February 10, 1880 – The Chicago Daily Tribune editorializes about “the expenditure of money
for cleaning streets that are never cleaned, and never can be cleaned or kept
clean by the system which is practiced in this city.” [Chicago
Daily Tribune, February 10, 1880] Paved streets cannot be kept clean when
so many others are composed of raw earth, and the paper concludes that “The
paved streets cannot be free of mud until they are relieved of the supply
furnished by the adjoining unpaved streets.”
The editorial proposes that a plan be adopted that would see the area bounded
by the lake, the south branch of the river, and Twelfth Street given streets “with
a deep, hard bed of macadam, cinders, or gravel” so that “These unpaved streets
being no longer mud-holes, no mud will be carried from them to the paved streets,
and the work and cost of keeping the latter swept and clean continuously will
be comparatively very light.” Once this
area is complete, the paper continues, the process can be repeated in the North
and West Divisions.
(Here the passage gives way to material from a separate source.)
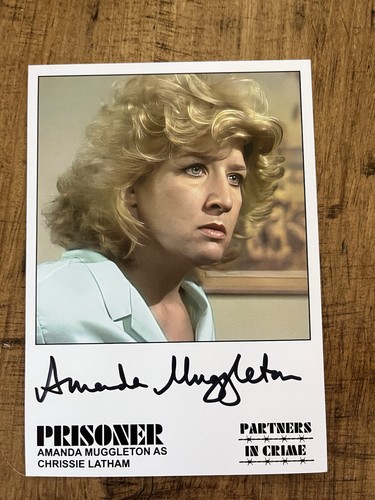 Signed prisoner cell block - signed, h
The editorial
concludes, “Having put all the mud-producing streets in order with hard,
compact, firm surfaces, the work of keeping the other streets clean will be comparatively
an easy matter.” The above photo shows the paved Washington Boulevard at Wabash Avenue in 1880.
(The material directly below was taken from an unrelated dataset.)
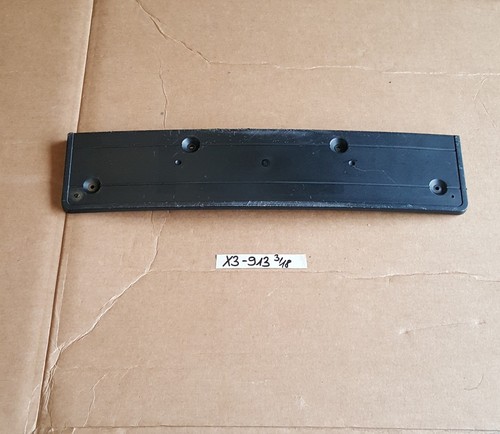 BMW X3 E83 Kennzeichen Blende Unterlage für Nummernschild 3400913  – Bild 1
Also on this date from an earlier blog entry . . .
February 10, 1916 -- More than 100 guests at a banquet in honor of Archbishop George William Mundelein, pictured above, are poisoned at the University Club after a cook, Jean Crones, puts arsenic in the soup. Mandolein, who had just arrived in Chicago to take over the city's archdiocese, had skipped the soup and was fine. No one died, but a third of Chicago's elite were mightily incommoded. There was little interest in the evening's entrées after the soup had its affect, and orders were quickly sent to hurry the ice cream and coffee and skip the cheese. In his address to the group, the Cardinal said, "I have one thing in view, one thing to perform. That is that when my days are ended and my work is done, the people of Chicago, irrespective of creed, will be grateful that I have come among them and that they will believe I have been a good influence not only to my church but to the whole city." Crones, the cook, turned out to be an Italian anarchist by the name of Nestor Dondoglio. He disappeared and was never caught.